A natural response to this news is to ask this question. However, the answer is probably not very dramatic.

That is to say, that – in the context of global warming in general – this is merely a symbolic milestone, not a piece of news which necessarily makes the problem a great deal worse by itself. It appears that the threshold may not even have been breached, as a subsequent revision of the figures seems to suggest that the actual measurement at the Mauna Loa observatory on Hawaii has been rounded down to 399.89ppm.

However, this figure does have two important implications. Firstly, the real problem is that the trend has been resolutely climbing upwards for decades – when they first began making observations at Mauna Loa in 1958 the reading was just 315ppm, meaning atmospheric CO2 concentrations have risen by a quarter in 55 years.
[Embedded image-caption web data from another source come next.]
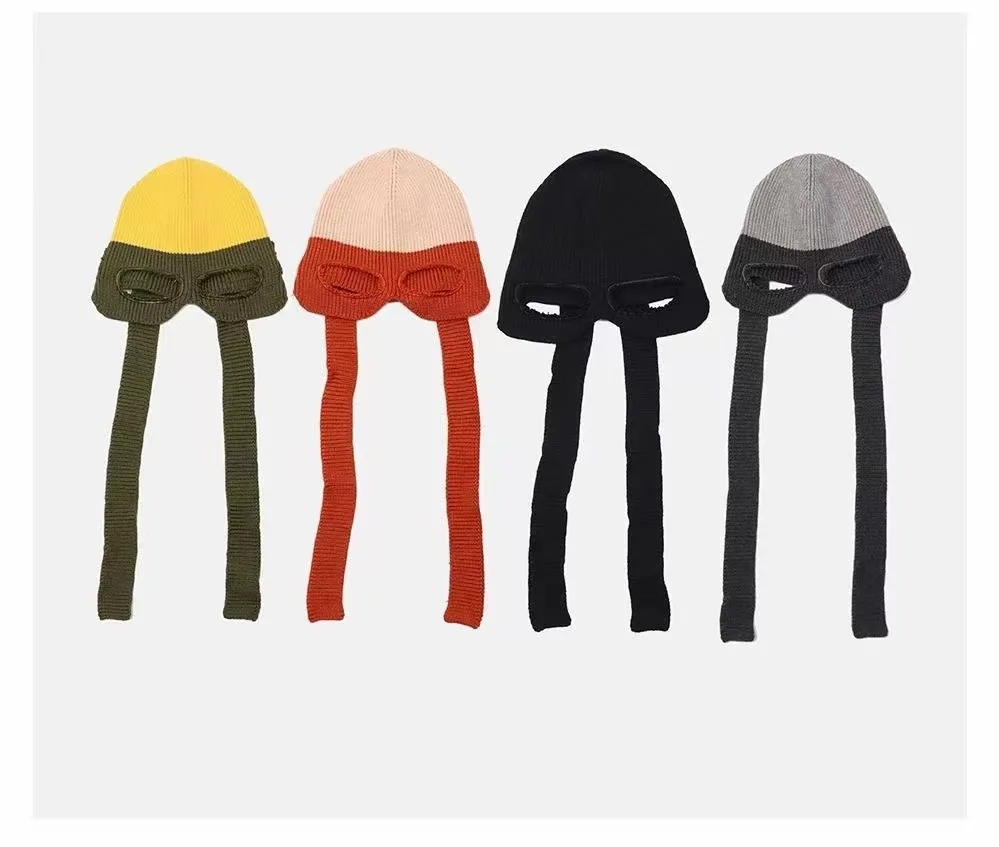 

2022 Winter Fun and Funny Wool Toe Cap Men and Women Middle and Big Children Beanie Hat with Mask Unisex Ski Cap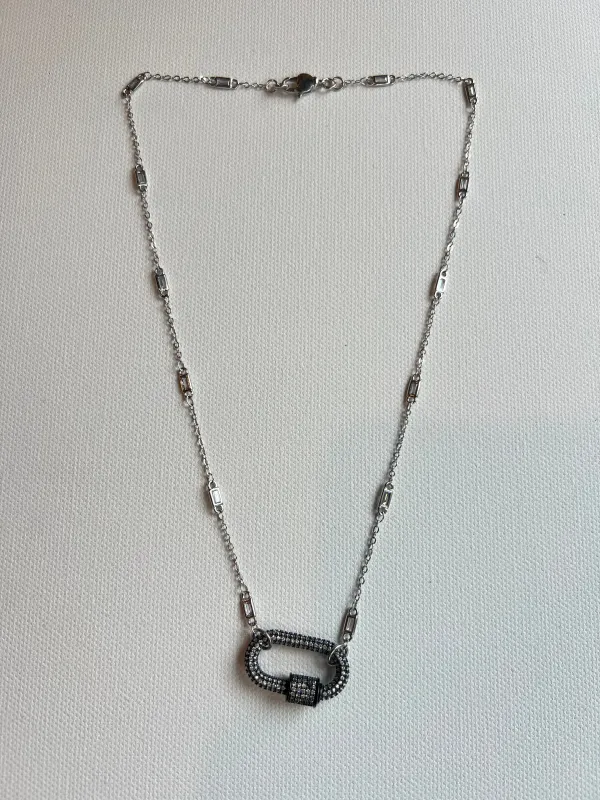 The Silver Bezeled Chain & Lock Necklace sold by Vanessa Mooney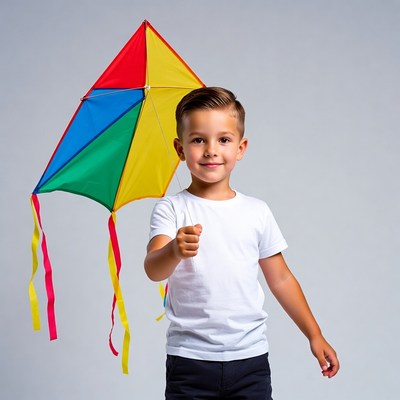 Boy holding colorful kite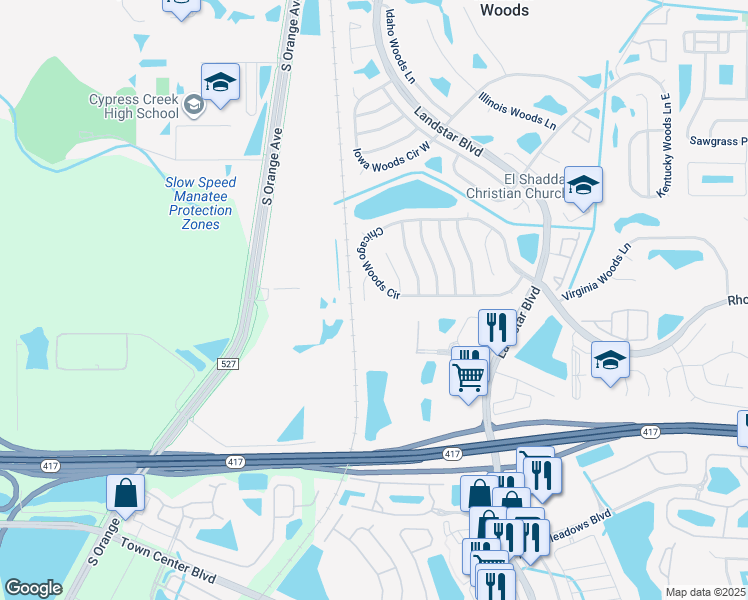 map of restaurants, bars, coffee shops, grocery stores, and more near 13149 Dallas Woods Lane in Orlando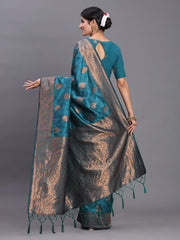 Navy Blue Banarasi Silk Saree with Copper Zari Woven Pallu & Feather Butta – Wedding & Festive Wear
This is the real problem, not whether the number at this particular point in time is 395 or 400ppm. Again, nobody is certain exactly what impacts a value this high will have, but reconstructed climate data suggests that the last time the Earth’s level of atmospheric CO2 concentrations hit 400ppm (4 million years ago), it was warm enough for there to be humid rainforests in Northern Canada, which hardly seems encouraging.

For several years, a degree of scientific consensus has prevailed which argues that holding levels at 350ppm would be required to keep human life relatively safe from the impacts of climate change, but this aim has clearly been rendered totally unachievable. Indeed, the scientists at Mauna Loa expect the readings to hit 450ppm by 2037, less than a generation away, by which time some of the more dramatic impacts of climate change may be making themselves felt.

The importance of data

The other lesson to be learned from the 400ppm reading is the importance of collecting enough good data to enable future generations to understand better what is going on. Charles D. Keeling, the founder of the Keeling Institute at Mauna Loa, where he started measuring atmospheric CO2 concentrations almost 60 years ago, understood the importance of collecting good data, a tradition which the institution which now bears his name continues to uphold to this day.

As The Economist has argued, the rush for project funding often marginalises the unglamorous work of collecting strong data over a long time period which can be compared in the future to understand how global warming has developed. Yet this approach is short-sighted, and threatens to leave future generations without the information that they will need to combat the challenges of climate change that lie ahead.

This lesson could be applied to a range of other challenges too, from health problems to information about the economy.  Our current generation may not have the tools to come up with the all answers, but at least we should do as much as we can to build a complete picture of what the problems are, in the hope that people in the future will one day be able to solve them. After all, it seems the least we can do.